Short web captions:
________

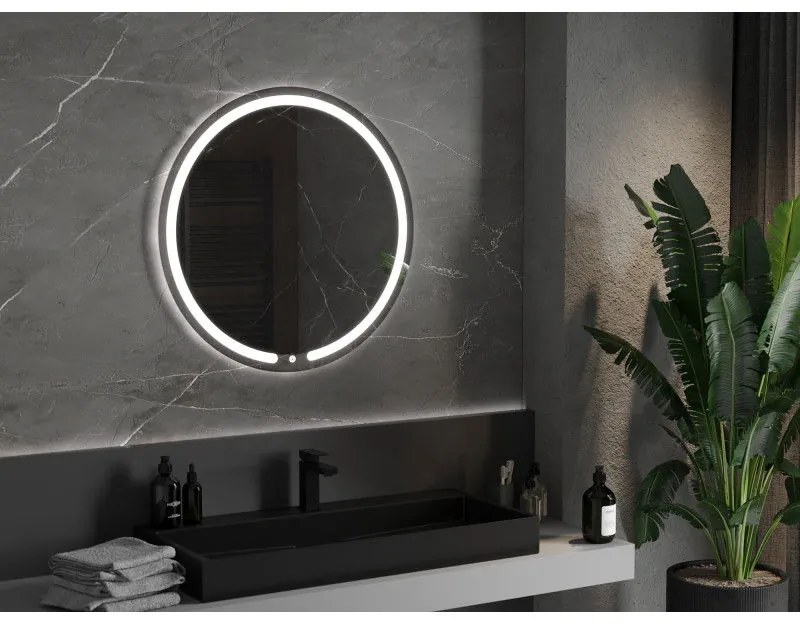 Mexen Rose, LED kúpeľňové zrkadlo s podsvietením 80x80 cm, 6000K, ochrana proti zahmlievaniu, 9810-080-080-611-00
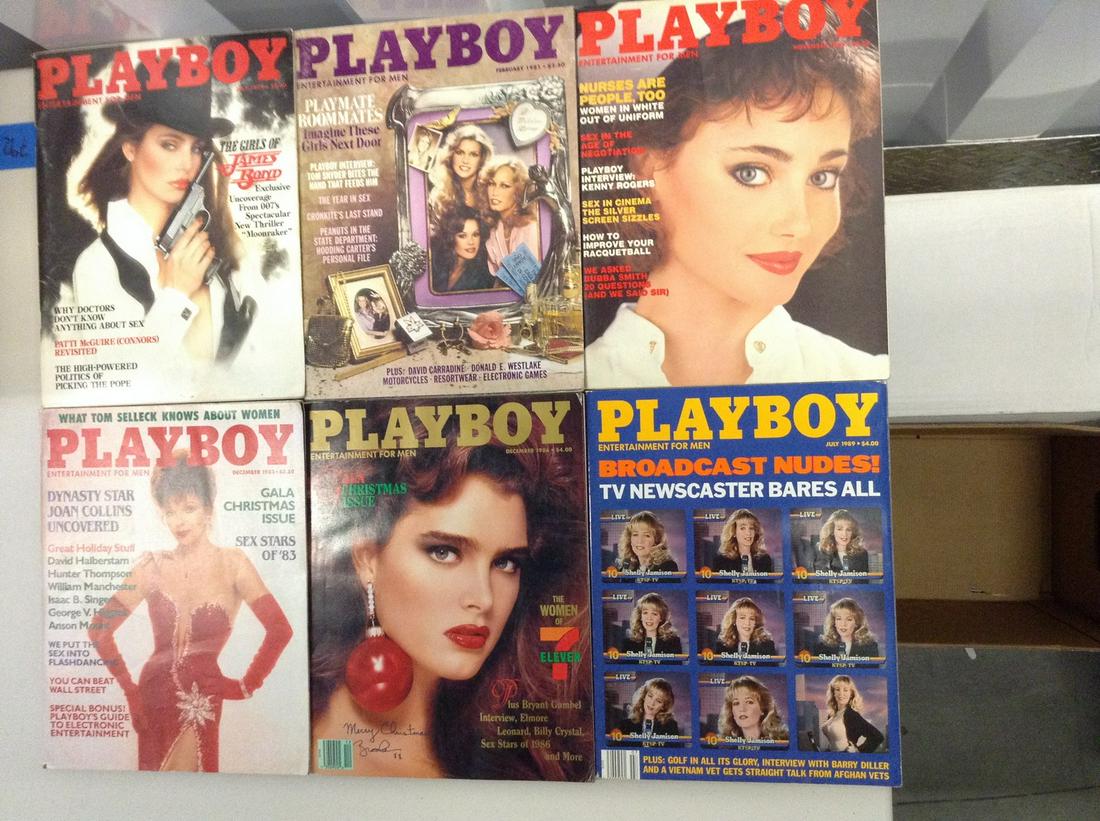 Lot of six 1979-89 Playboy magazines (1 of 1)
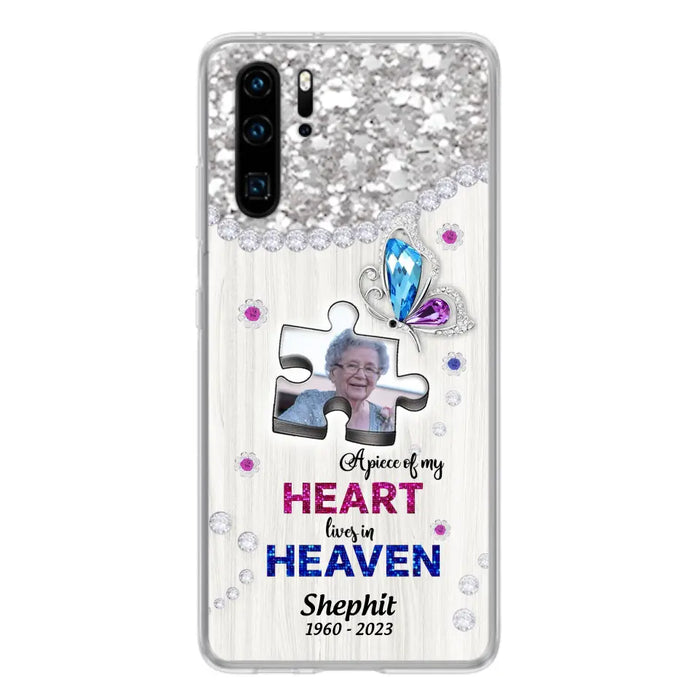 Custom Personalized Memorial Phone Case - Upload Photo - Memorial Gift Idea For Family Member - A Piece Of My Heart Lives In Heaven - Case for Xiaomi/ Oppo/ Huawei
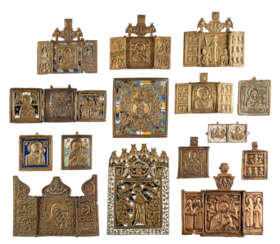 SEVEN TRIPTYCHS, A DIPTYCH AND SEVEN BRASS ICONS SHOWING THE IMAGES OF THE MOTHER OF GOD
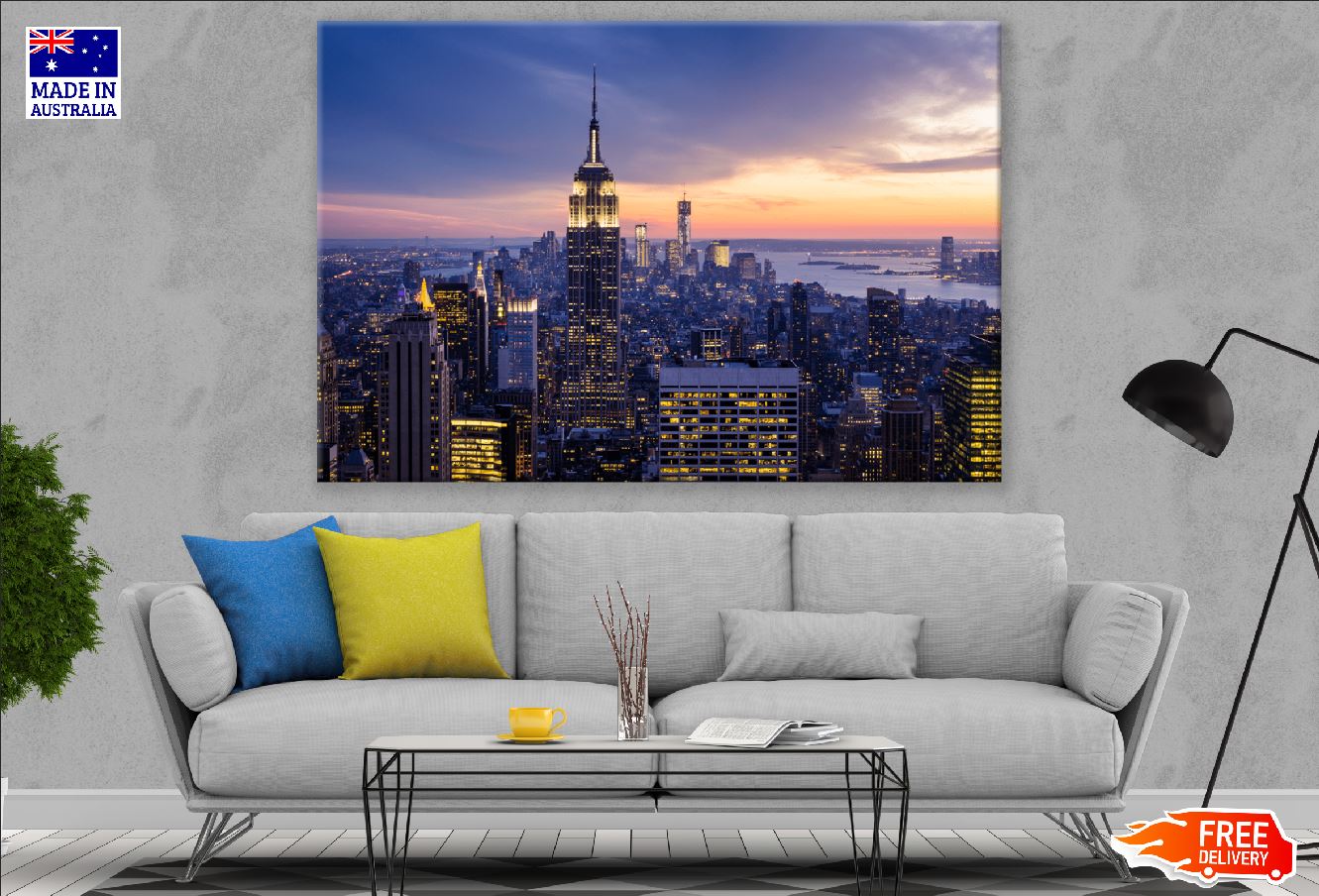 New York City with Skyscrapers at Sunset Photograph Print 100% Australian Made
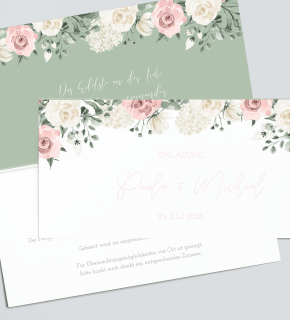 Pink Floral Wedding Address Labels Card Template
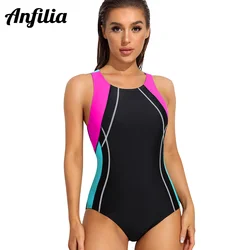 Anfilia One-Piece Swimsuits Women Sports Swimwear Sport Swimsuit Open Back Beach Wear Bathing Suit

________

Could you set down nothing but the lines from the one containing "New York City" through the last line of the records above, both ends included, exactly as given and free of pictures?

 New York City with Skyscrapers at Sunset Photograph Print 100% Australian Made
 Pink Floral Wedding Address Labels Card Template
 Anfilia One-Piece Swimsuits Women Sports Swimwear Sport Swimsuit Open Back Beach Wear Bathing Suit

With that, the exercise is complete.